Australien Travel Story TEIL 1 – Willkommen in West Australien

Australien gilt als ein Land des Barbecues und es hat mich völlig beeindruckt, wie intensiv hier diese Kultur wirklich gelebt wird. Gerade im Vergleich zu den USA und zu Südafrika, wo Barbecue oder Braai ja ebenfalls einen sehr hohen Stellenwert haben und zum „Lifestyle“ gehören. Hier wie dort bedeutet Barbecue auch ein Bewahren und zum Teil auch eine Weiterentwicklung von kulinarischen Traditionen der jeweiligen Ureinwohner. Diese Verbindung begegnet einem in Australien auf Schritt und Tritt und das macht für mich ein Stück weit auch die Faszination dieses riesigen Kontinents aus. Die Menschen hier sind ungeheuer offen und gastfreundlich und es ist ein Leichtes, in Kontakt zu kommen und sich auch kulinarisch auszutauschen. Gerade beim Barbecue. Ich habe auch bis jetzt nirgendwo – einfach so im Vorbeifahren – so viele Grillgeräte gesehen. Dazu kommen noch die vielen Public-Barbecues, die für jedermann öffentlich zugänglich sind und teils kostenlos, teils gegen eine geringe Gebühr benutzt werden dürfen. Glaubt man Gerüchten, gibt es mehr öffentliche Barbecue-Plätze als Tankstellen im Land. Und draußen, unterwegs in den Outbacks, wo man oft tagelang keinem Menschen begegnet, kocht man entweder am Lagerfeuer oder hat seinen transportablen Grill dabei.
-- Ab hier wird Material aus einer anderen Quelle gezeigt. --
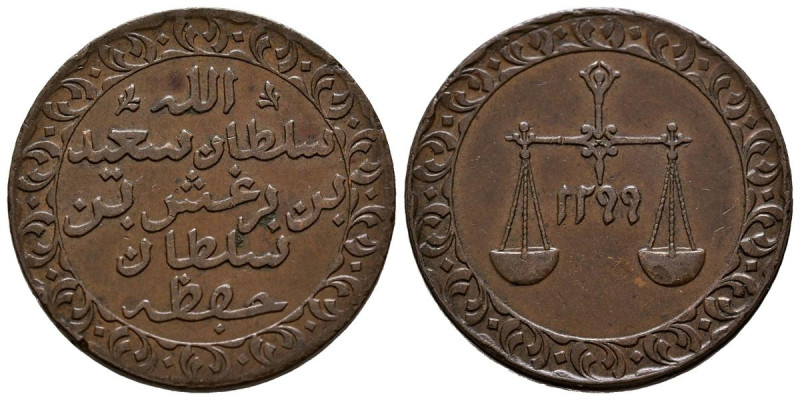 ZANZIBAR. 1 Pysa. (Ae. 6,41g/25mm). 1882 (1299H). (Km#1). MBC+.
Nach einem 20-stündigen Flug ist die westaustralische Landeshauptstadt Perth mein Ziel. Von hier aus will ich in den tropischen Norden und in den klimatisch gemäßigteren Süden starten. Eines vorweg: Es gibt hier so viel zu entdecken, dass es unmöglich ist, alles Erlebte, alle Rezepte und kulinarischen Besonderheiten in einen Artikel zu packen. In den nächsten Folgen meiner Travel Story wird Westaustralien daher immer wieder ein Thema sein. In der Tropenzone des Nordens herrschen im Sommer (Wet-Season von November bis April) feucht-heiße und im Winter (Dry-Season von Mai bis Oktober) gleichmäßig warme Temperaturen. Der Süden hingegen gilt als die gemäßigte Zone, die sich durch heiße Sommer und milde Winter auszeichnet. So unterschiedlich wie die Landschaften und Klimazonen in diesem größten Bundesstaat Australiens sind, so vielfältig ist die kulinarische Seite.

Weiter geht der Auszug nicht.